*INSTRUCTIONS TO FOLLOW*:
A line belongs in the answer only if it contains the word "online"; copy every such line from the listing below.
○ ○ ○
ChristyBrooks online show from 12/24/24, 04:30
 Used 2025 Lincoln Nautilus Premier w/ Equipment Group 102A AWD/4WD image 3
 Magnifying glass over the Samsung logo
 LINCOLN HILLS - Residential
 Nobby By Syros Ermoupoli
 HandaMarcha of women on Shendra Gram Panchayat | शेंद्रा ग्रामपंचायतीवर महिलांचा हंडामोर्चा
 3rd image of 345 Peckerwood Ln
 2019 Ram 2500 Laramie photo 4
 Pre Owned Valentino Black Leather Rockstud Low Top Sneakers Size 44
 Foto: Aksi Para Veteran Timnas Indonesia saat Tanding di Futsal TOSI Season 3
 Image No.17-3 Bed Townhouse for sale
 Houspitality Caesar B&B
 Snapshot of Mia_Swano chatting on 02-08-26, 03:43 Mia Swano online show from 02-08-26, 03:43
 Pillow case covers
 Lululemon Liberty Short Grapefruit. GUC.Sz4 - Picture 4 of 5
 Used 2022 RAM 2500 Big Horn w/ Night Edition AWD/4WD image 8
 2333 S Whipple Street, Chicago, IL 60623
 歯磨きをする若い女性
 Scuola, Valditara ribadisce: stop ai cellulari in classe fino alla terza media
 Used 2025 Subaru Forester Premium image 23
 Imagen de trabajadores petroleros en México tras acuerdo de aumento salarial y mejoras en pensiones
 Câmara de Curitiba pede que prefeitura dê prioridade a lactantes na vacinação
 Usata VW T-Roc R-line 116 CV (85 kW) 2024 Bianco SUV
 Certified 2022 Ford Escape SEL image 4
○ ○ ○
*EXERCISE RESULT*:
ChristyBrooks online show from 12/24/24, 04:30
 Snapshot of Mia_Swano chatting on 02-08-26, 03:43 Mia Swano online show from 02-08-26, 03:43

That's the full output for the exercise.